Although his comments were primarily aimed at youth, gospel music artist and motivational speaker Kirk Franklin encouraged several hundred people of all ages in a Youth Motivation Task Force assembly Tuesday at the University of Arkansas at Pine Bluff.
A Texas native who has won more than 50 professional music awards, the 44-year-old Franklin spoke on the importance of strength of character and faith in the course of day-to-day life as one builds toward personal and professional contentment. Franklin is a devout Christian who has successfully rebounded from several missteps, including initially failing to graduate from high school after fathering a child with a girlfriend at the time.
After encouraging his listeners to utilize their God-given talents to the best of their abilities, Franklin cautioned that aptitude alone usually doesn’t provide enough fuel to reach an enduring plateau of achievement.
“There is a process of character development because there are places character can take you that your gift can’t,” Franklin said, advising his audience to avoid losing faith when “detours and delays to your dreams” interfere with or threaten to derail one’s plans.
Delays, Franklin said, can actually become a protective tool that deepens understanding and increases patience. He said people sometimes trip themselves by questioning obstacles instead of devoting themselves to overcoming them. Noting that pride can knock someone off course when they begin to compare themselves to others, Franklin said such practice “makes you miss opportunities in character development.”

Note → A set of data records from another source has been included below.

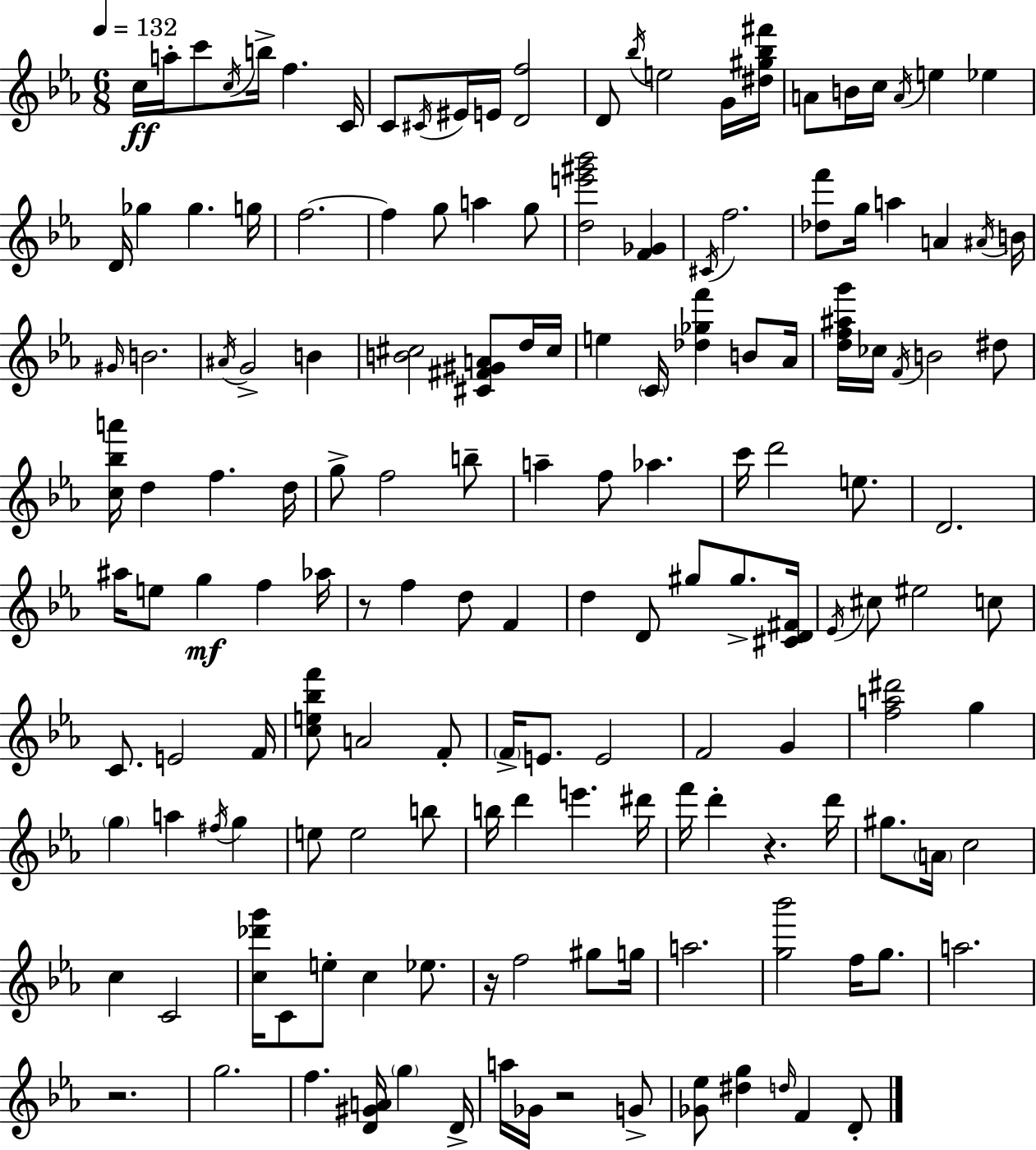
{
  \clef treble
  \numericTimeSignature
  \time 6/8
  \key ees \major
  \tempo 4 = 132
  c''16\ff a''16-. c'''8 \acciaccatura { c''16 } b''16-> f''4. | c'16 c'8 \acciaccatura { cis'16 } eis'16 e'16 <d' f''>2 | d'8 \acciaccatura { bes''16 } e''2 | g'16 <dis'' gis'' bes'' fis'''>16 a'8 b'16 c''16 \acciaccatura { a'16 } e''4 | \break ees''4 d'16 ges''4 ges''4. | g''16 f''2.~~ | f''4 g''8 a''4 | g''8 <d'' e''' gis''' bes'''>2 | \break <f' ges'>4 \acciaccatura { cis'16 } f''2. | <des'' f'''>8 g''16 a''4 | a'4 \acciaccatura { ais'16 } b'16 \grace { gis'16 } b'2. | \acciaccatura { ais'16 } g'2-> | \break b'4 <b' cis''>2 | <cis' fis' gis' a'>8 d''16 cis''16 e''4 | \parenthesize c'16 <des'' ges'' f'''>4 b'8 aes'16 <d'' f'' ais'' g'''>16 ces''16 \acciaccatura { f'16 } b'2 | dis''8 <c'' bes'' a'''>16 d''4 | \break f''4. d''16 g''8-> f''2 | b''8-- a''4-- | f''8 aes''4. c'''16 d'''2 | e''8. d'2. | \break ais''16 e''8 | g''4\mf f''4 aes''16 r8 f''4 | d''8 f'4 d''4 | d'8 gis''8 gis''8.-> <cis' d' fis'>16 \acciaccatura { ees'16 } cis''8 | \break eis''2 c''8 c'8. | e'2 f'16 <c'' e'' bes'' f'''>8 | a'2 f'8-. \parenthesize f'16-> e'8. | e'2 f'2 | \break g'4 <f'' a'' dis'''>2 | g''4 \parenthesize g''4 | a''4 \acciaccatura { fis''16 } g''4 e''8 | e''2 b''8 b''16 | \break d'''4 e'''4. dis'''16 f'''16 | d'''4-. r4. d'''16 gis''8. | \parenthesize a'16 c''2 c''4 | c'2 <c'' des''' g'''>16 | \break c'8 e''8-. c''4 ees''8. r16 | f''2 gis''8 g''16 a''2. | <g'' bes'''>2 | f''16 g''8. a''2. | \break r2. | g''2. | f''4. | <d' gis' a'>16 \parenthesize g''4 d'16-> a''16 | \break ges'16 r2 g'8-> <ges' ees''>8 | <dis'' g''>4 \grace { d''16 } f'4 d'8-. | \bar "|."
}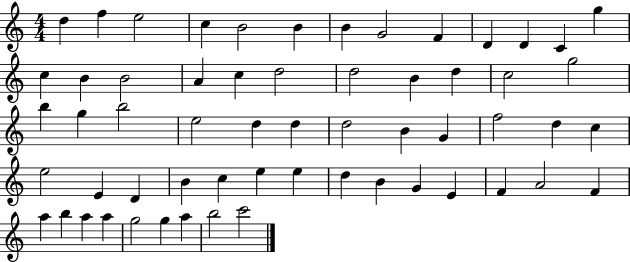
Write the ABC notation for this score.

X:1
T:Untitled
M:4/4
L:1/4
K:C
d f e2 c B2 B B G2 F D D C g c B B2 A c d2 d2 B d c2 g2 b g b2 e2 d d d2 B G f2 d c e2 E D B c e e d B G E F A2 F a b a a g2 g a b2 c'2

“A lot of people don’t want to pay the price for inner development,” he said, “but you have to prepare for life. You must be willing to do the inner works for your life.”
Franklin said a good measure of one’s life can be obtained by simply taking stock with asking oneself if others benefit from their life. If not, it’s time to re-evaluate and re-energize.
Expressing a belief that God gives people a level of vision they normally don’t possess, he said, “God created life in a way that you can enjoy it only when you see it through His lens.”
He urged his listeners to make a contract with life that binds them to whatever pathway they might dedicate themselves.
“You can’t walk out before you get to the good part, and there is a good part,” Franklin said.
Several students departing after his presentation gave Franklin their approval.
“He said what we needed to hear,” said one.
“I’ll listen to what he said because he’s overcome a lot in his life to be successful,” said another.
“I think it’s great that he would come to UAPB to do what he can to help make life better for us,” offered a third. “To me, that says he truly cares about others.”